Was the dismissal harsh, unjust or unreasonable?

[43] Section 387 of the Act provides that, in considering whether it is satisfied that a dismissal was harsh, unjust or unreasonable, the Commission must take into account:

(a) whether there was a valid reason for the dismissal related to the person’s capacity or conduct (including its effect on the safety and welfare of other employees); and

(b) whether the person was notified of that reason; and

(c) whether the person was given an opportunity to respond to any reason related to the capacity or conduct of the person; and

(d) any unreasonable refusal by the employer to allow the person to have a support person present to assist at any discussions relating to dismissal; and

(e) if the dismissal related to unsatisfactory performance by the person – whether the person had been warned about that unsatisfactory performance before the dismissal; and

(f) the degree to which the size of the employer’s enterprise would be likely to impact on the procedures followed in effecting the dismissal; and

(g) the degree to which the absence of dedicated human resource management specialists or expertise in the enterprise would be likely to impact on the procedures followed in effecting the dismissal; and

(h) any other matters that the FWC considers relevant.

[44] I am required to consider each of these criteria, to the extent they are relevant to the factual circumstances before me. 75

[45] I set out my consideration of each below.

Was there a valid reason for the dismissal related to the Applicant’s capacity or conduct?

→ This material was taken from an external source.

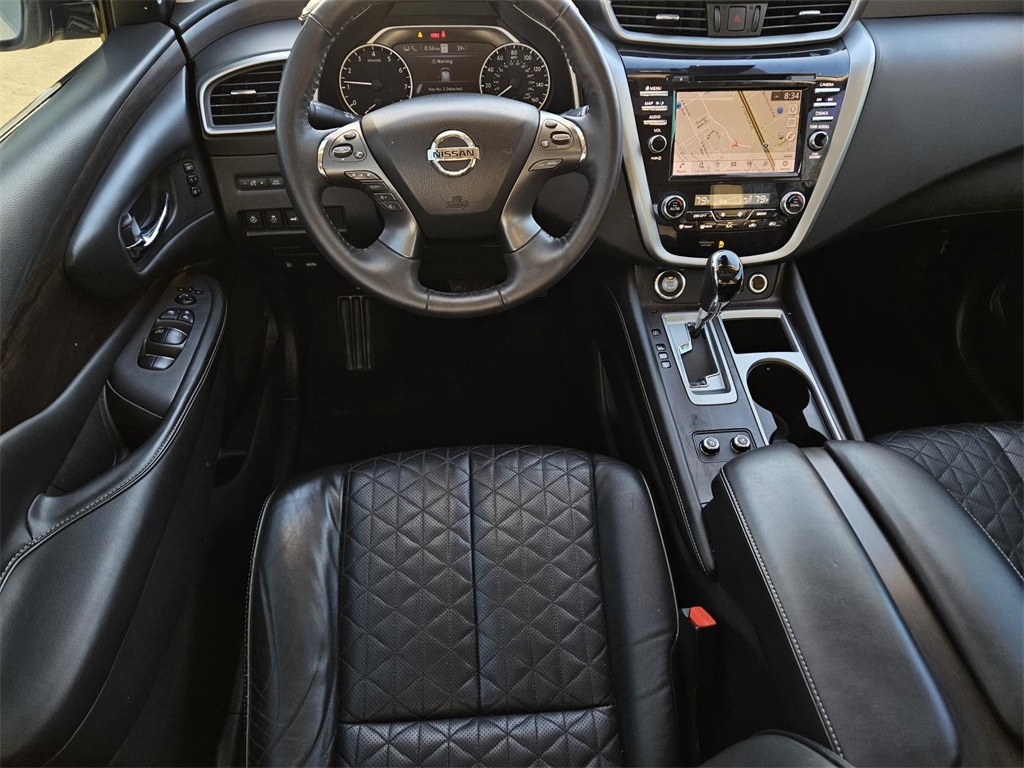 used 2020 Nissan Murano car, priced at $19,900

[46] In order to be a valid reason, the reason for the dismissal should be “sound, defensible or well founded” 76 and should not be “capricious, fanciful, spiteful or prejudiced.”77 However, the Commission will not stand in the shoes of the employer and determine what the Commission would do if it was in the position of the employer.78

[47] Where a dismissal relates to an employee’s conduct, the Commission must be satisfied that the conduct occurred and justified termination. 79 The question of whether the alleged conduct took place and what it involved is to be determined by the Commission on the basis of the evidence in the proceedings before it. The test is not whether the employer believed, on reasonable grounds after sufficient enquiry, that the employee was guilty of the conduct which resulted in termination.80

[48] There were no KPIs issued in accordance with Mr Harley’s contract of employment.

[49] It appears that the only measure agreed was the level of Mr Harley’s gross sales. Mr Harley achieved that objective in FY2018 and FY2019.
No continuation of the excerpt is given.